Griffin continued agitating against the election results after Jan. 6 and made threatening remarks towards Congress and President Joe Biden, according to the sentencing report.
In a video recorded the day after the Capitol riot, Griffin said the riot could have been worse.
“You want to say that was a mob? You want to say that was violence? No, sir. No, ma’am. No, we could have had a 2nd Amendment rally on those same steps that we had that rally yesterday,” Griffin said in the video. “You know, and if we do, then it’s gonna be a sad day, because there’s gonna be blood running out of that building.”
A week later, Griffin said that he was planning to return to D.C. for Biden’s inauguration and would bring guns with him, according to the sentencing report. Following his arrest, he continued to insist he did nothing wrong, and posted tweets insulting the federal judge overseeing his case.
Webpages set up for Griffin’s defense also raised over $50,000 online, despite the fact that he was using court-appointed lawyers at no cost to himself. The sentencing report notes that the webpage posted a picture of a $5,000 check written from Couy Griffin to the Barnett Law Firm. The Barnett Law Firm did not represent Griffin in his Capitol riot case.
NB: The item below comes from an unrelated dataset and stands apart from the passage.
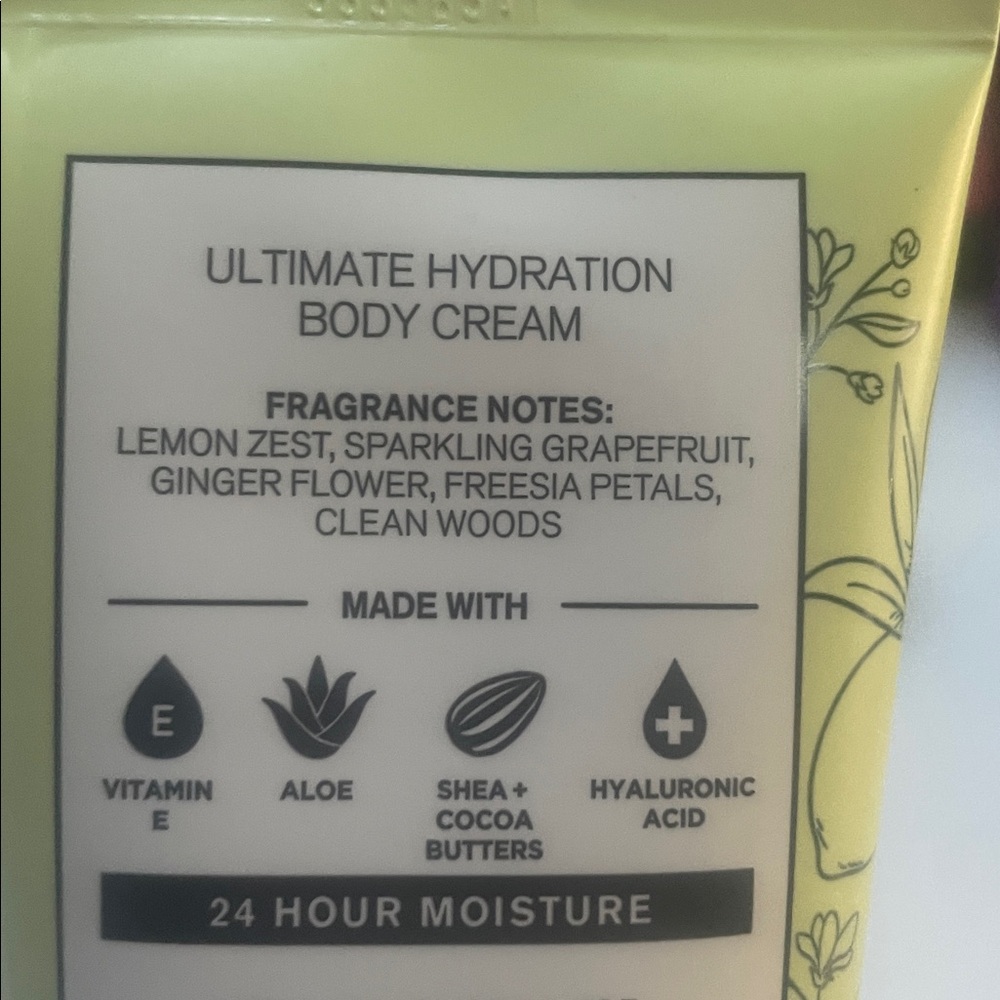 Brand New, Never Used 🆕❤️Bath & Body Works Bundle Body Cream - Picture 7 of 7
In the sentencing memorandum, government lawyers recommended a sentence of 90 days in jail for Griffin, noting that he has shown “an utter lack of remorse for his actions.”
The government also recommended Griffin pay a fine of $1,000 and additional restitution of $500. Noting the more than $50,000 he raised, prosecutors wrote that Griffin “should not be able to ‘capitalize’ on his participation in the Capitol siege in this way.”
In their own sentencing memo, Griffin’s lawyers argued that he is in fact sorry for his actions.
“Griffin deeply regrets his decision to climb on the inaugural platform and enter the restricted area. To the extent his presence there contributed to the distress of outnumbered law enforcement officers, he offers them his sincere apology,” the lawyers wrote. “Though he is of limited means, Griffin would seize an opportunity to offer assistance to injured officers and to contribute to the repair of physical damage to the Capitol.”
Griffin requested a sentence “no greater than two months’ probation,” the lawyers wrote.
This week, Griffin and the other two members of the Otero County Commission refused to certify the results of the state’s June 7 primary election, citing vague concerns about voting machines. The New Mexico Supreme Court Wednesday ordered the commission to reconvene by June 17 and certify the results.
Griffin told CNN Thursday that he was planning to defy the court order.
The Secretary of State’s office also referred Griffin and the other two members of the Otero County Commission, Vickie Marquardt and Gerald Matherly, to the New Mexico Attorney General’s office for potential criminal prosecution.
In the referral, the Secretary of State alleged that the members of the commission likely committed felonies when they refused to follow election code by voting not to certify the primary results, as well as by voting at an earlier meeting to discard legally-mandated election procedures by removing ballot dropboxes, removing voting machines and ordering an unauthorized hand recount of the ballots.